> _Try it_
Please give every line below again exactly, but not its pictures.

> _Exercise data_

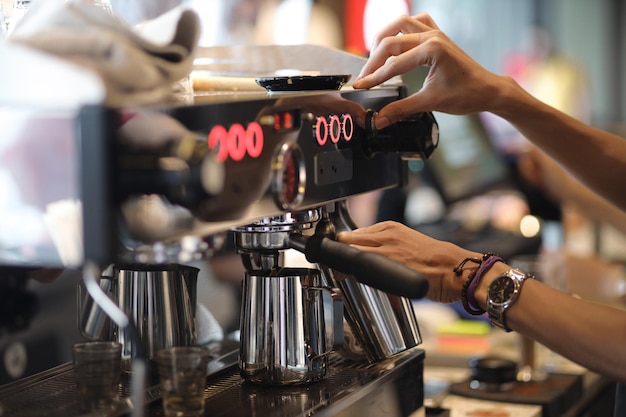 Baristas hands making a coffee with espresso coffee machine Coffee shop concept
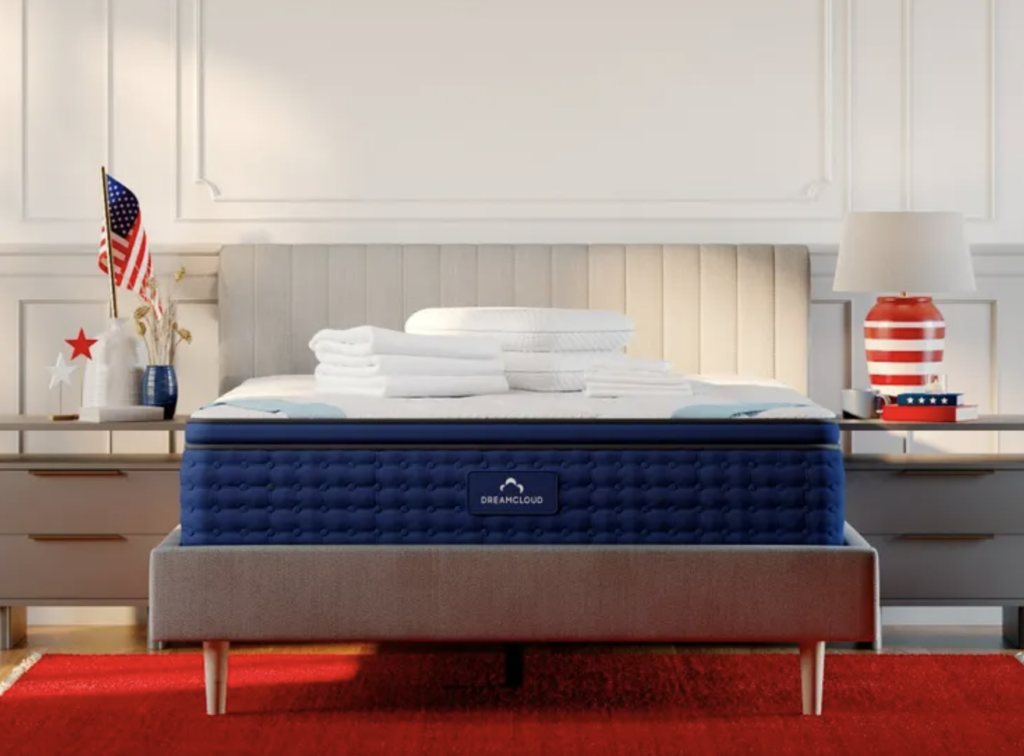 Luxury mattress setup with DreamCloud branding, featuring a plush blue mattress, neatly arranged white bedding, and decorative elements like an American flag and red-striped lamp in a stylish bedroom setting.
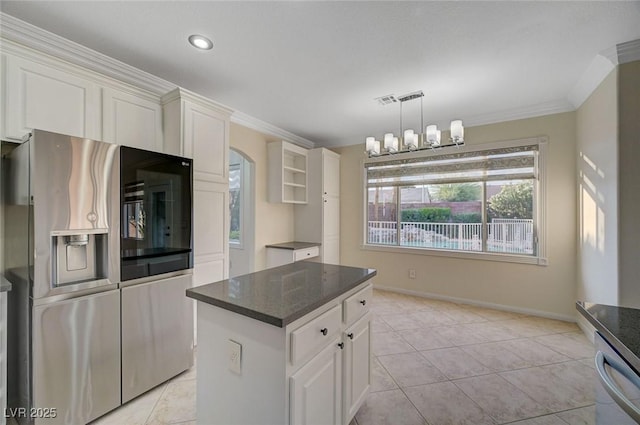 9772 Galahad Point Ct, Las Vegas, NV 89147 - kitchen with stainless steel appliances, white cabinets, a center island, crown molding, and baseboards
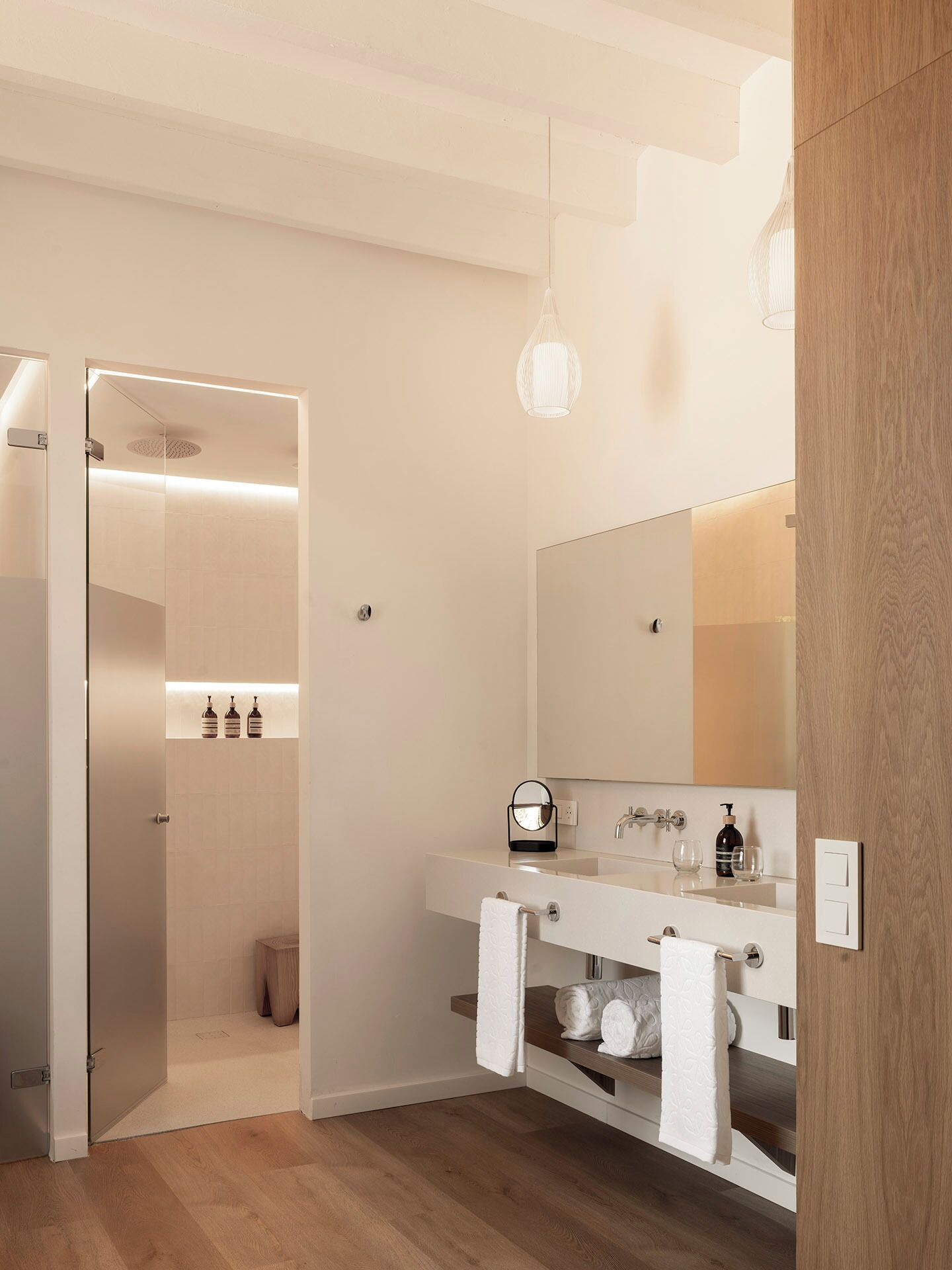 Une salle de bain moderne avec un plancher en bois, un meuble-lavabo blanc avec un miroir et une cabine de douche en verre.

> _Answer below_
 Baristas hands making a coffee with espresso coffee machine Coffee shop concept
 Luxury mattress setup with DreamCloud branding, featuring a plush blue mattress, neatly arranged white bedding, and decorative elements like an American flag and red-striped lamp in a stylish bedroom setting.
 9772 Galahad Point Ct, Las Vegas, NV 89147 - kitchen with stainless steel appliances, white cabinets, a center island, crown molding, and baseboards
 Une salle de bain moderne avec un plancher en bois, un meuble-lavabo blanc avec un miroir et une cabine de douche en verre.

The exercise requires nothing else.